**Information provided:**
********************
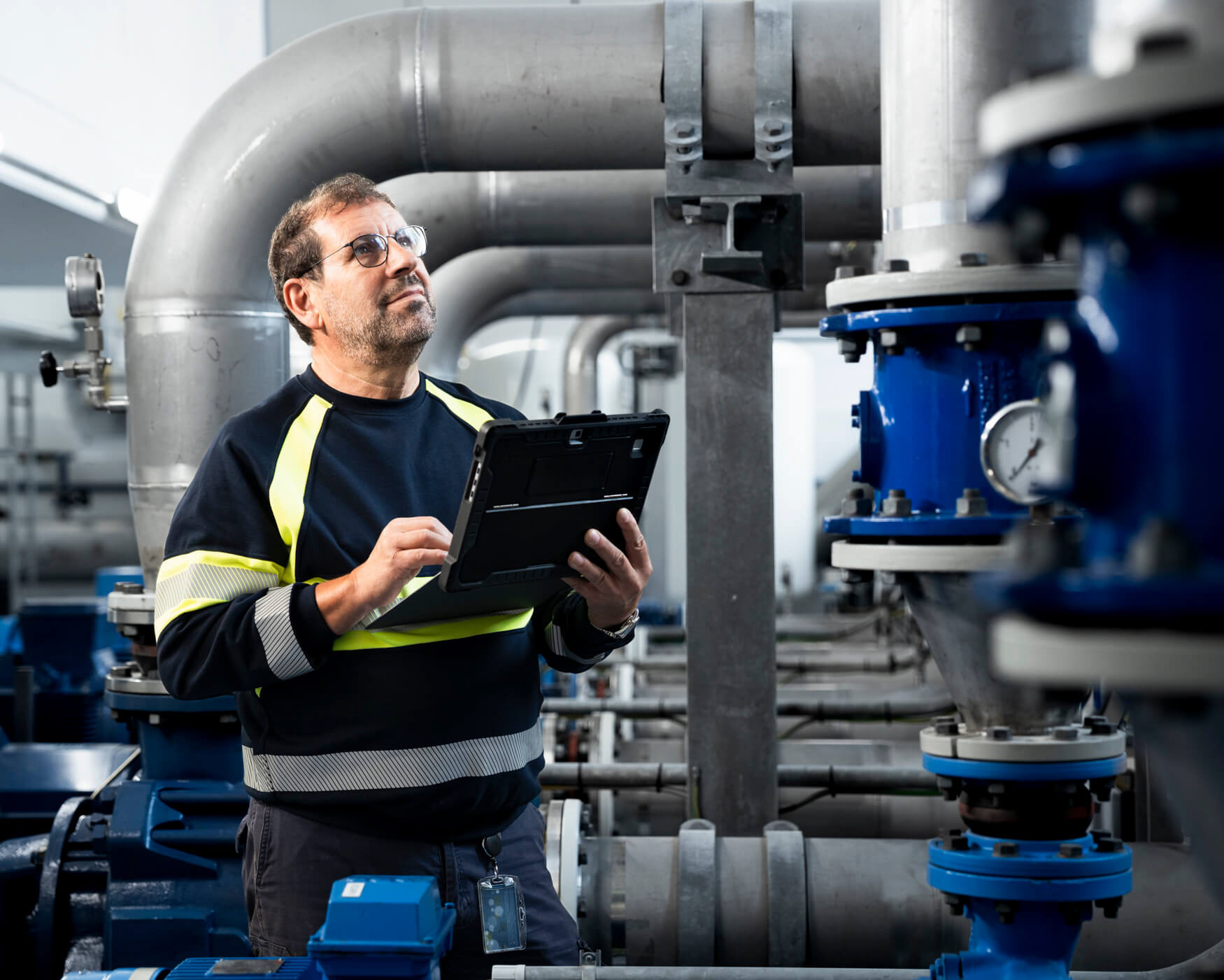 Wasserwerksmitarbeiter liest ein Manometer ab.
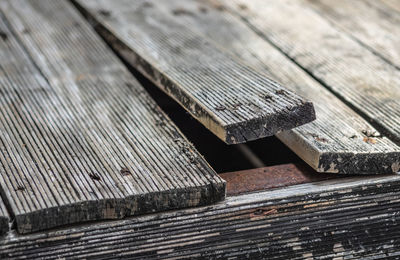 Exterior pine wooden floor bending due to climate change, front focus blurred background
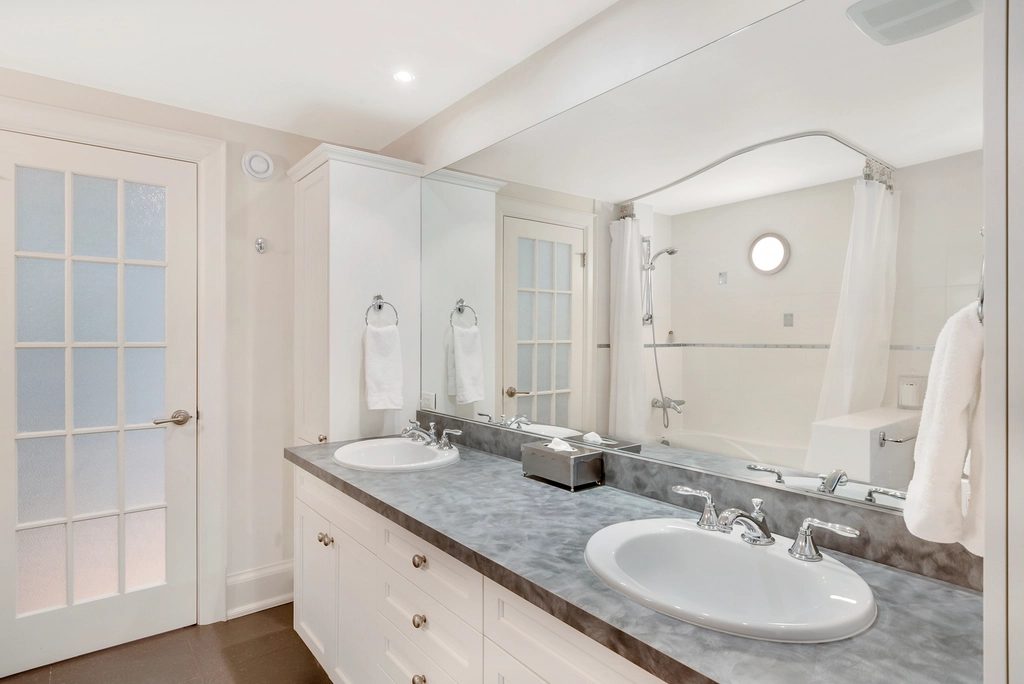 Vanity light and faucet fixtures installed in a bathroom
********************
**Task prompt:**
An exact copy is needed of the lines running from the one containing "Exterior pine wooden" through the last line of the material, and of no others; pictures stay out.

**Response below:**
 Exterior pine wooden floor bending due to climate change, front focus blurred background
 Vanity light and faucet fixtures installed in a bathroom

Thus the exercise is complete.